Up until now, Frank Viele has been something of a regional secret throughout New England. His quadruple-threat reputation as a singer, guitarist, songwriter and performer is unrivaled there, as recognized by the New England Music Awards for Album of the Year, Male Performer of the Year, and Live Act of The Year he has stashed somewhere in his Connecticut home.
Of course, musically tuned-in folks throughout the world have been hearing reports of Viele’s prowess for several years. No Depression might have piqued their curiosity with its praise for his “vivid storytelling.” Or maybe they read about his singing in The Alternate Root, which observed that his “street growl” could rivet passersby. Howl Magazine even called his shows “transcendent” and predicted that his music “will rattle your bones and penetrate to the core.”

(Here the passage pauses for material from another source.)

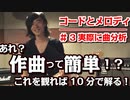 ＃3【コードとメロディの響き】実際に曲を分析してみた（オリジナル曲）【作曲】【耳コピ】【即興演奏】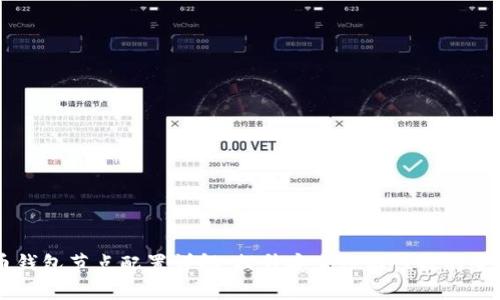 虚拟币钱包节点配置详解：提升安全性与性能的全面指南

Truth be told, audiences around the country have begun taking notice as Viele plays in further-flung venues. Since his first album, Fall Your Way, dropped in 2015, he’s been called to open for Will Hoge, Blues Traveler, Lee DeWyze, Zach Myers of Shinedown, The Marshall Tucker Band, and in his somewhat wonderstruck words, “artists who have been on my personal playlists for years.”
So all the pieces are in place to establish Frank Viele as a musical phenomenon far beyond his home base. All that’s needed is a spark to launch this rocket.

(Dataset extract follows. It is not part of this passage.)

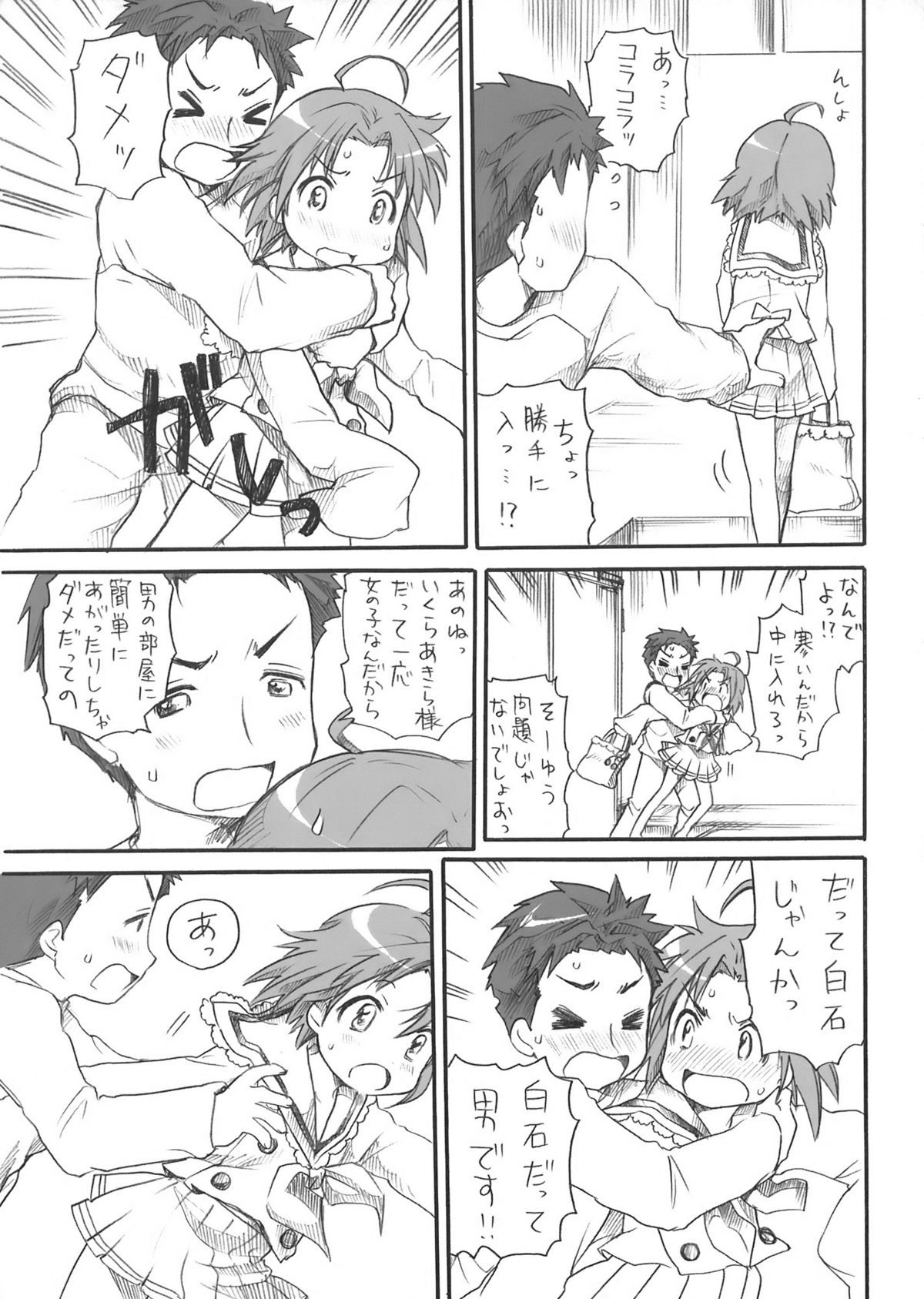 Akira-sama ga Shukudai wo Riyuu ni Shiraishi-san-chi kara Kaeranaiyo Kanzenhan page 6 full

That’s where What’s His Name? comes in; a tour de force of passion, candor and craft. His singing is unforgettable — rough-edged yet nuanced, straddling that line where poetic interpretation and raw emotion meet. The impressions he made during his early gigs broaden on What’s His Name?. Rugged Americana, deep blues and gut-wrenching soul create a potent new brew on “Cigarettes, Throwing Stones, & Lies.” Unlikely elements — a gentle groove kissed by congas, a milky bass tone and wind chimes — caress Viele’s anguished romanticism on “If You Could Only Read My Mind.” Those same sentiments take on an even sharper edge when lashed with earthy like guitar and stirred by churchy harmonies on “Till The Bourbon’s All Gone.” The sting of betrayal turns up the heat even more over a thumping funk groove on the title cut. And one track, “Pomegranate,” stands out from anything Viele has done before, thanks to the six strings that augment the reflective lyric, courtesy of arranger/cellist Dave Eggar (Ray Lamontagne/Coldplay/Pearl Jam).

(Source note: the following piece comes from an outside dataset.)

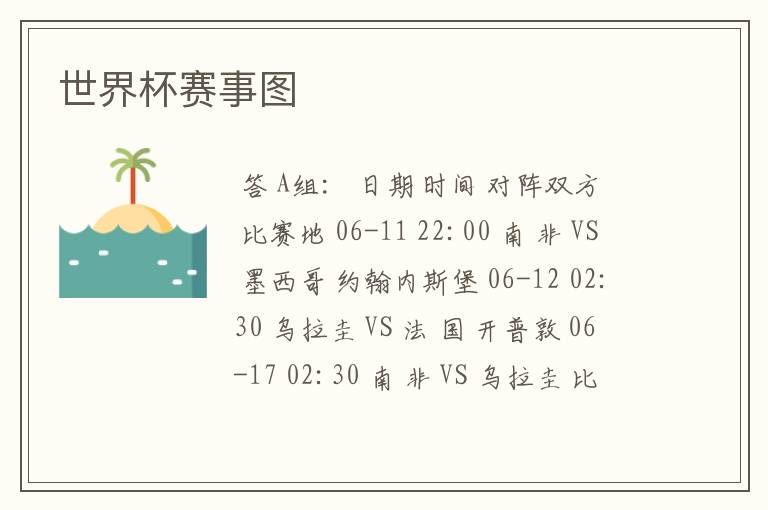 世界杯赛事图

Viele had been dividing his schedule between performing, writing and recording on nights and vacation time, which he paid for with a full-time day job. He was fully qualified for both, having graduated as valedictorian from the business school at Marist College, where he minored in music and earned the prestigious Wall Street Journal Award.
Music, though, was always his destiny. “I grew up working in my family’s restaurant,” he remembers. “Instead of typical chores I would peel carrots and potatoes and wash dishes during the week.There were three pool tables that took quarters, so it was also my job to count the quarters on Saturday mornings. I got to keep one of them when I was done, but I always put that quarter into this old jukebox at the restaurant so I could play Billy Joel’s ‘The Longest Time.’ To this day, when I hear that song, I can still smell that dank, stale bar smell that comes with the mess from the busy night before.”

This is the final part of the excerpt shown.